What Is VPN?
A VPN (Virtual Private Network) is a service that encrypts your device's internet traffic and routes it through a remote server operated by the VPN provider. This hides your real IP address from the websites you visit and hides your browsing activity from your internet service provider, while making your traffic unreadable to anyone monitoring the network you're on.
How a VPN works
When you connect to a VPN, your device establishes an encrypted tunnel to one of the provider's servers using a VPN protocol such as WireGuard, OpenVPN, or IKEv2. Every packet your device sends is encrypted before it leaves your network interface, travels through your ISP's infrastructure in unreadable form, and is decrypted only at the VPN server, which forwards it to its destination.
From the destination's perspective — a website, an app, a streaming service — the traffic appears to originate from the VPN server's IP address, not yours. Responses follow the same path in reverse: to the VPN server, encrypted, back through the tunnel to your device.
Modern consumer VPNs encrypt with AES-256 or ChaCha20 — ciphers that are computationally infeasible to break by brute force. The practical weak points of a VPN are not the encryption itself but the provider's logging behavior, software bugs (leaks), and the endpoints outside the tunnel.
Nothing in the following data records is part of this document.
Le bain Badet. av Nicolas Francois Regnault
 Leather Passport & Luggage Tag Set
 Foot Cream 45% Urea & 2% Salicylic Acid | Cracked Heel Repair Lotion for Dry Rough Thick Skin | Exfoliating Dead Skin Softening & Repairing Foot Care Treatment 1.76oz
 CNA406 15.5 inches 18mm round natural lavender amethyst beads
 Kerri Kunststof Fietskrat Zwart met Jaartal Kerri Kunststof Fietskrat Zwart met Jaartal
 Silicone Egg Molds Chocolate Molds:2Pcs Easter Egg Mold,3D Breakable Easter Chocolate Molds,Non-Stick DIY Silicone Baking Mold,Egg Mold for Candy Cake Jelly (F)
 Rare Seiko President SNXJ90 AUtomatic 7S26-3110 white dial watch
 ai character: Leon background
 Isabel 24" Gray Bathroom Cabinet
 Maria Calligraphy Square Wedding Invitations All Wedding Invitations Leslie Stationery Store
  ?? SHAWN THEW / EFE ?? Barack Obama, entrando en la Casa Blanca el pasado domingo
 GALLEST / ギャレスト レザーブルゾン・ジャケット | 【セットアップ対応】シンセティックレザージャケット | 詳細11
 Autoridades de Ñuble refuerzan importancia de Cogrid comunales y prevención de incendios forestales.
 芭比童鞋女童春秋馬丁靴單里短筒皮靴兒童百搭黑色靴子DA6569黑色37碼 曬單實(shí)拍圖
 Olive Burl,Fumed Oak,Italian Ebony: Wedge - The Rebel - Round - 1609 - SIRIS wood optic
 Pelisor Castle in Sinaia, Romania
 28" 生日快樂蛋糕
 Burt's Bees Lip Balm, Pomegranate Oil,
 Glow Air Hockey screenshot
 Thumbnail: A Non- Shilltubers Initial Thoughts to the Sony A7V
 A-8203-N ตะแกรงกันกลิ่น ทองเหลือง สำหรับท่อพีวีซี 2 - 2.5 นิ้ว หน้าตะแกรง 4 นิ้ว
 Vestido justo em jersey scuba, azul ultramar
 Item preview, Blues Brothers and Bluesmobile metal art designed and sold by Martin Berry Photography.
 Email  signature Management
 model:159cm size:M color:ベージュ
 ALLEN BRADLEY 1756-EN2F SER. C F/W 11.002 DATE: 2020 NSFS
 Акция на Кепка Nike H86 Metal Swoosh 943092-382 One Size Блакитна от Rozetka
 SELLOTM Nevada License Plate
What a VPN protects — and what it doesn't
A VPN protects the transport of your data: your ISP can no longer read or selectively throttle your traffic, operators of public WiFi networks can't snoop on your sessions, and websites can't log your real IP address or derive your physical location from it.
A VPN does not make you anonymous. Websites can still identify you through accounts you log into, cookies, and browser fingerprinting. It doesn't protect against malware or phishing. And it shifts trust rather than eliminating it: your ISP can no longer see your activity, but the VPN provider technically could — which is why independently audited no-logs policies matter more than any other feature.
Common uses
The most common consumer uses are: securing traffic on public WiFi (hotels, airports, cafés), preventing ISP throttling of video streams, keeping your home-country services working while traveling (banking apps and streaming subscriptions often refuse foreign IP addresses), reducing IP-based price discrimination, and maintaining access to the open internet in countries that filter it.
Businesses use VPNs differently — typically to give remote employees an encrypted route into the company network. Consumer VPN services as covered on this site are a different product solving privacy and access problems for individuals.
Frequently Asked Questions
Is using a VPN legal?
In most countries, yes — including the US, UK, EU, Canada, and Australia. A small number of countries restrict or regulate VPN use (China, Iran, Russia, UAE, Belarus, North Korea, Turkmenistan). Even where VPNs are restricted, enforcement against ordinary personal use is rare, but you should understand local law before traveling.
Does a VPN slow down my internet?
Somewhat — encryption and the extra hop cost speed. On modern WireGuard-based protocols, top providers retain 75-85% of your base speed on nearby servers (see our speed benchmark). Long-distance connections lose more. For most connections this is imperceptible in daily use.
Can my ISP see I'm using a VPN?
Your ISP can see that you're connected to a VPN server (an encrypted stream to a single IP), but not what passes through it. In countries that block VPNs, obfuscated protocols disguise this connection as ordinary HTTPS traffic.
Do I need a VPN at home?
It depends on your threat model. At home the main benefits are preventing ISP logging and throttling, and location flexibility for streaming and pricing. On networks you don't control — hotels, airports, offices — the encryption benefit is much more direct.
What's the difference between a VPN and a proxy?
A proxy forwards traffic for a single app or browser without necessarily encrypting it. A VPN encrypts all traffic from your entire device at the network level. Proxies are lighter; VPNs are far more comprehensive and secure.